Revisit the pickle jar procedure #10768

nthiery · 2011-02-10T17:43:21Z

The current pickle jar mechanism has some drawbacks:

We never add new pickles to the pickle jar
We don't know how old pickles in the pickle jar are
We may be testing an old pickle, but not a recent one
Updating specific pickles is a bit tedious

Here is a new proposal:

Pickles will no longer be stored in a .tar.bz2 file but simply as files within the directory extcode/pickle_jar/$VERSION. This will likely increase the on-disk space needed for a Sage install, but will not have a big influence on Sage distributions, since we have an extcode spkg anyway (which is tarred and compressed).
Pickles will be under git control (this will now become possible).
The $VERSION in the directory name refers to the Sage version used to create the pickle. Once a pickle has been made, it will remain in place in that directory, even in subsequent Sage versions (so sage-4.7.2 will contain pickle_jar/4.7, pickle_jar/4.7.1 and pickle_jar/4.7.2).
When making a new release, the release manager will unpickle all old pickles and repickle them with the new Sage version. Whenever a pickle has changed, the new (changed) pickle will be stored in pickle_jar/$NEWVERSION. The old pickle is kept where it was.
sage.structure.sage_object.unpickle_all will check all pickles (old and new).
If some day some pickle rots away and it is decided by consensus to not support unpickling it anymore, then the patch author would simply git remove the old pickle.

CC: @sagetrac-sage-combinat @ohanar

Component: pickling

Issue created by migration from https://trac.sagemath.org/ticket/10768

The text was updated successfully, but these errors were encountered:

jdemeyer · 2011-03-29T07:26:33Z

comment:1

While we're at it, why does the pickle jar need to be a tar.bz2 file as opposed to just a directory in data/extcode/pickle_jar?

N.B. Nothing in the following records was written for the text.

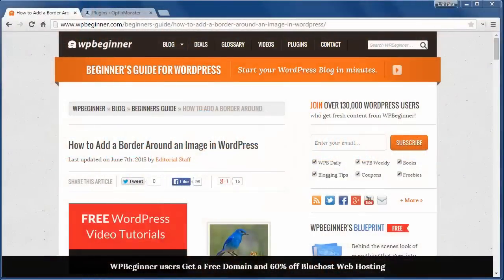Welcome to WPBeginner and thank you for watching. Today we'll cover how to add a border around an image in WordPress.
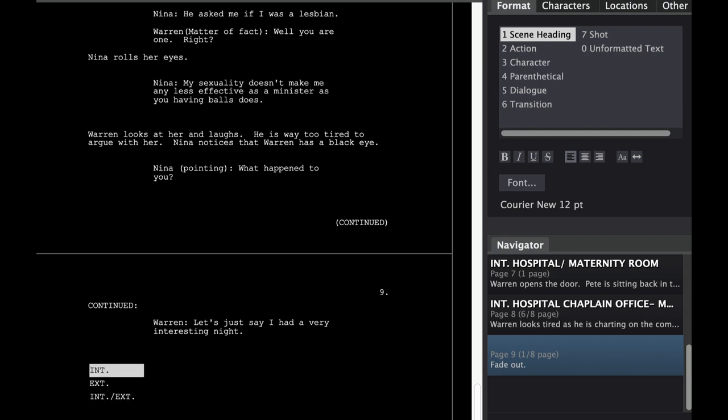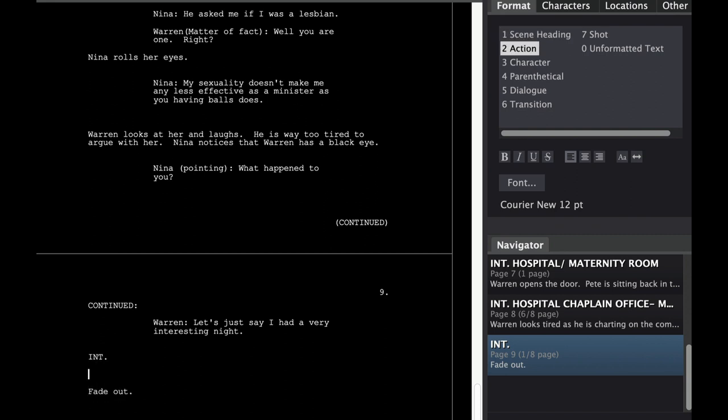The Tab key allows you to either change your scene headings. You can also switch to action or you can switch to character.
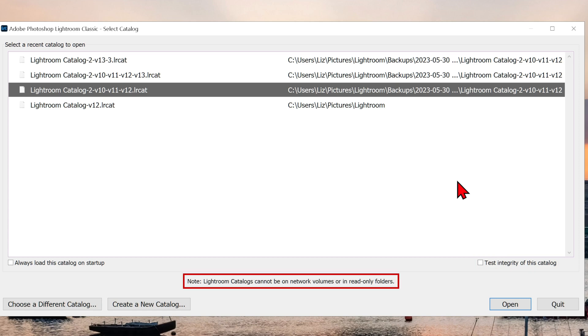Lightroom catalogs cannot be on network volumes or on read-only folders, because Lightroom needs access to write to them.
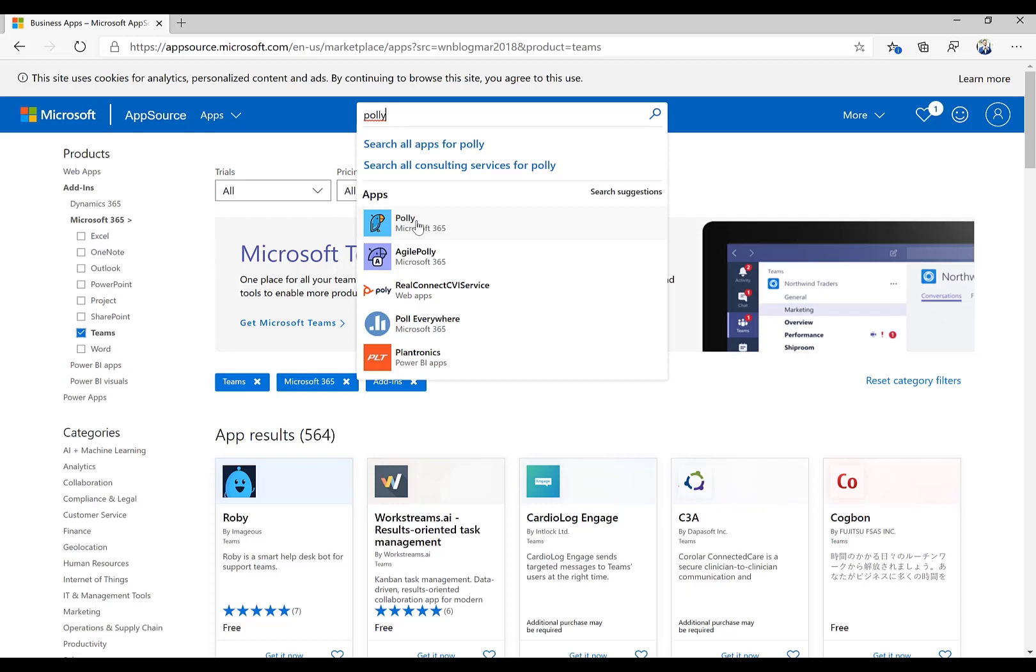So I hope that was helpful. Again, this is just phase one to show you where applications are available. As we evolve this journey, we'll talk about why applications are available. And then start showing you some incredible ways to leverage applications in the Microsoft Teams Canvas.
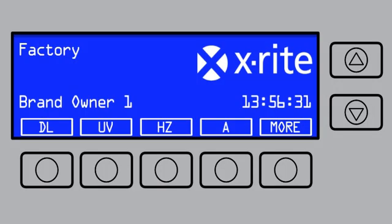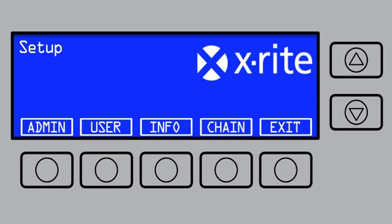From the main menu, press and hold the More button until you see Setup. Press Admin to access the Advanced Setup 1 screen. If prompted, enter your password.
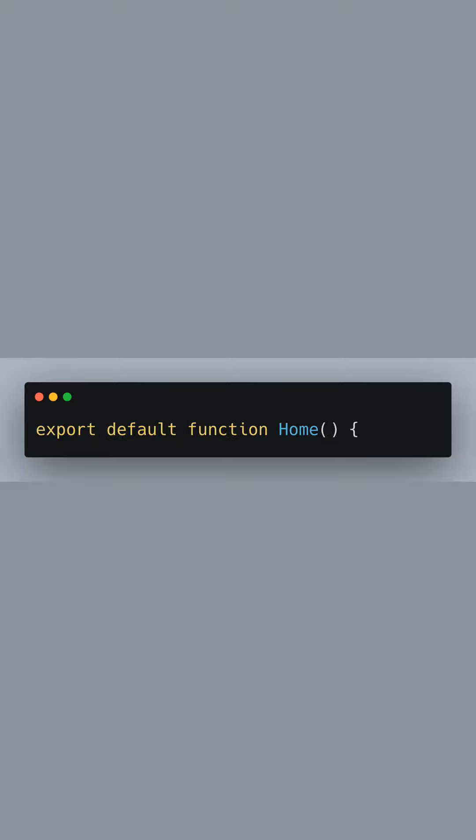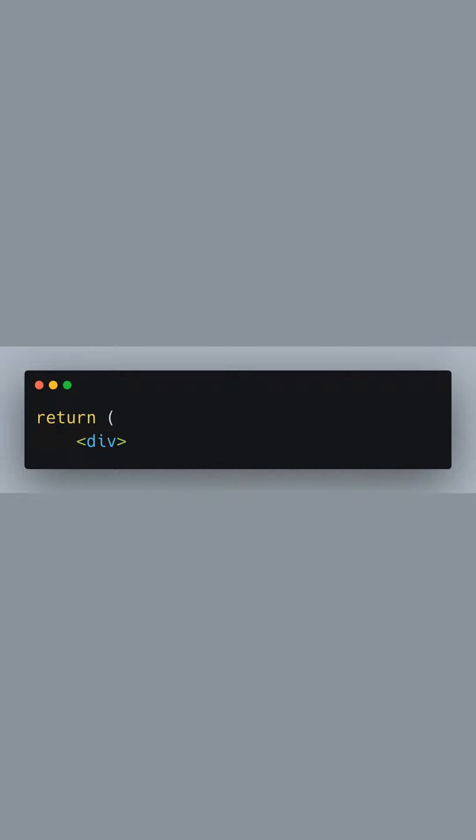Here we define a functional component called home, which is our page component in Next.js. We start the return statement with a div element. This is the primary container for the content of our home component.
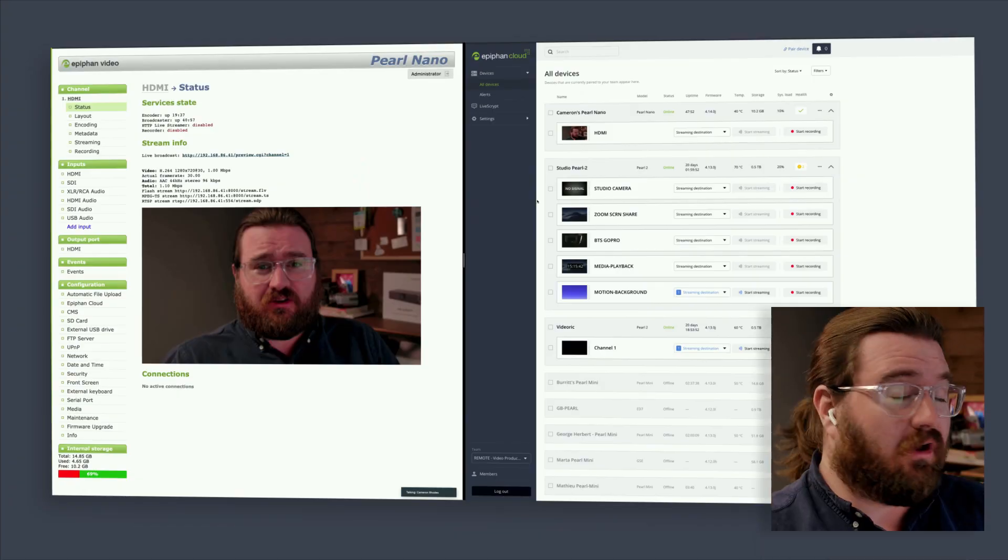The actual setup of your SRT streams is super simple, especially if you're using a Pearl 2 as your production encoder and Epiphan Cloud for remote access. Let me show you how it works.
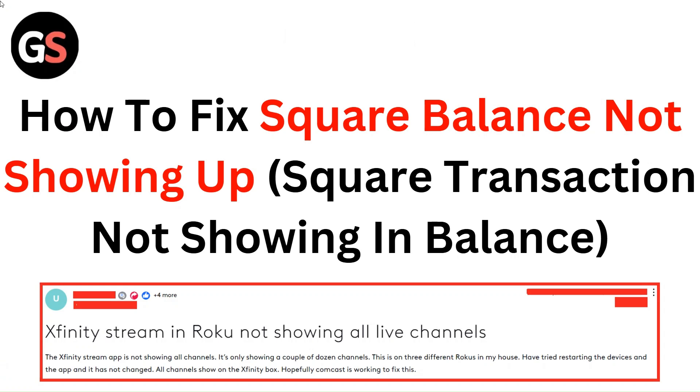Hello everyone. In this video, you are going to learn how to fix Square balance not showing up, and Square transactions not showing in balance.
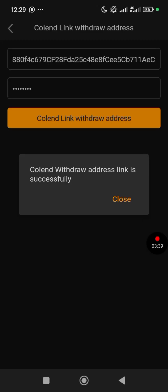So how do you confirm that you have actually linked your Colin wallet address successfully? After you have done the verification, click 'Colin Link Withdrawal Address' again, and it's going to give you a notification that 'Colin withdrawal address link is successful.'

When distributing the pickle jar, it is contained in the extcode spkg anyway, so I don't see the gain of having an additional layer of tarring.

jdemeyer · 2011-03-29T07:30:19Z

comment:2

One major advantage of not having the tar file would be that the pickle jar could be updated using standard hg commands. This would instantly solve 2 of the 3 complaints:

Using hg log, we would know exactly how old everything is
Updating specific pickles would become as easy as adding a patch to the Sage library.

jdemeyer · 2011-03-29T07:30:47Z

comment:3

Related ticket: #11069

jdemeyer · 2011-03-29T07:41:26Z

comment:4

Nicolas, just to make sure I understand you correctly, is your proposal the following:

Pickle jars are named after the Sage version (i.e. we would have a pickle_jar-4.6.2.tar.bz2 file or a pickle_jar-4.6.2 directory in my proposal).
We always keep the old versions unchanged (so sage-4.7 would still contain pickle_jar-4.6.2).
With every new Sage version, the release manager unpickles pickle_jar-$OLDVERSION, repickles them using the new Sage version and saves them as pickle_jar-$NEWVERSION.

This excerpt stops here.